Code Generation Flow

  1. TypeSpec Definitions (*.tsp files) define models, primitives, and arrays
  2. JSON Schema Emitter generates schemas for model generation
  3. Custom Emitters generate language-specific code:
    • interface-emitter.js → Primitives interface
    • array-emitter.js → Array classes
    • resource-emitter.js → Embedded locale data
  4. Quicktype transforms JSON Schema into language-specific model classes

At runtime, components work together to generate deterministic data:

Runtime Flow

The flow shows:

  1. UserArray (or AddressArray, etc.) extends PseudoArray base class
  2. PseudoArray.at(index) creates Generator with (worldSeed, typeSeq)
  3. PseudoArray.at(index) instantiates Primitives with (Generator, index)
  4. Primitives uses Generator and accesses Resources to generate field values
  5. Model (User, Address, etc.) is composed from primitive values and returned

Fixture-based tests ensure cross-language consistency:

  1. Generate fixtures from Go (golden reference)
  2. Verify all other languages match exactly
  3. Detect subtle bugs that unit tests miss

Purpose: Deterministic pseudo-random number generation.

Algorithm: PCG32 (Permuted Congruential Generator) with 64-bit state.

Why PCG32?

  • Portable: Simple to implement consistently across languages
  • Fast: Linear congruential base with efficient permutation
  • High-quality: Passes statistical randomness tests
  • Deterministic: Same seed always produces identical sequence
  • Small state: 64 bits vs.
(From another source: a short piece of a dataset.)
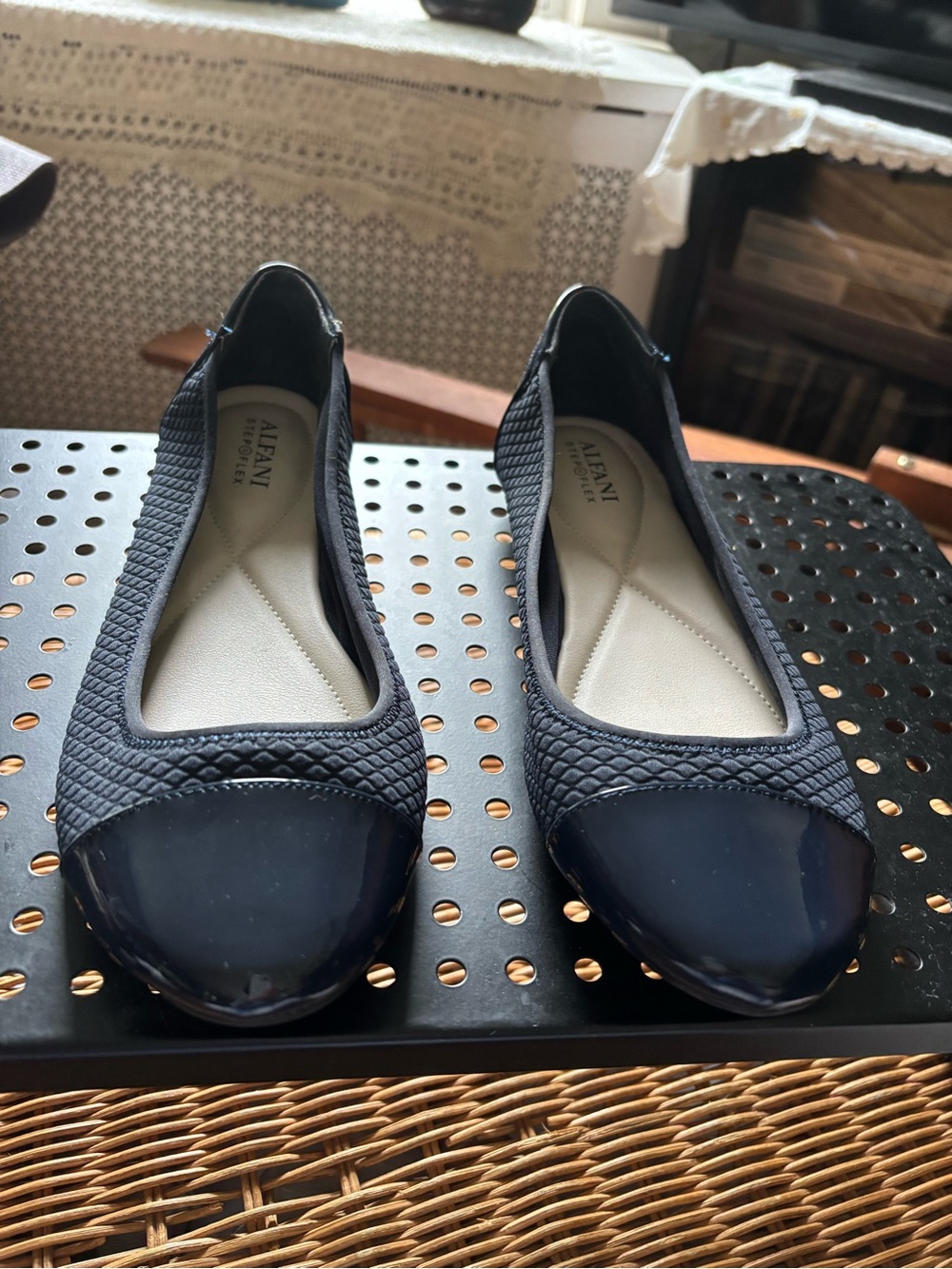 Alfani Navy Quilted Toe Ballet Flats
Mersenne Twister’s 2.5KB

Key Operations:

// Initialize with seed
state := seed
// Generate next uint32
state = state * 6364136223846793005 + 1442695040888963407
xorshifted := uint32(((state >> 18) ^ state) >> 27)
rot := uint32(state >> 59)
return (xorshifted >> rot) | (xorshifted << ((-rot) & 31))

The state advances identically in Go, Java, Python, TypeScript (using BigInt), ensuring perfect cross-language reproducibility.

Purpose: Convert human-readable strings to uint64 seeds.

Algorithm: FNV-1a hash with Murmur3 Avalanche finalization.

Why this combination?

  • FNV-1a: Fast initial hash, simple to implement
  • Murmur3 Avalanche: Improves bit distribution, reduces collision clusters
  • Portable: Consistent across all languages
  • No dependencies: Pure algorithm, no external libraries

Implementation:

func SeedFrom(s string) uint64 {
// FNV-1a hash
hash := uint64(14695981039346656037) // FNV offset basis
for _, b := range []byte(s) {
hash ^= uint64(b)
hash *= 1099511628211 // FNV prime
}
// Murmur3 Avalanche finalization
hash ^= hash >> 33
hash *= 0xff51afd7ed558ccd
hash ^= hash >> 33
hash *= 0xc4ceb9fe1a85ec53
hash ^= hash >> 33
return hash
}

This allows readable test scenarios: seed_from("test-scenario-1") produces the same seed everywhere.

Purpose: Encode seed and index into reversible UUID v8 identifiers.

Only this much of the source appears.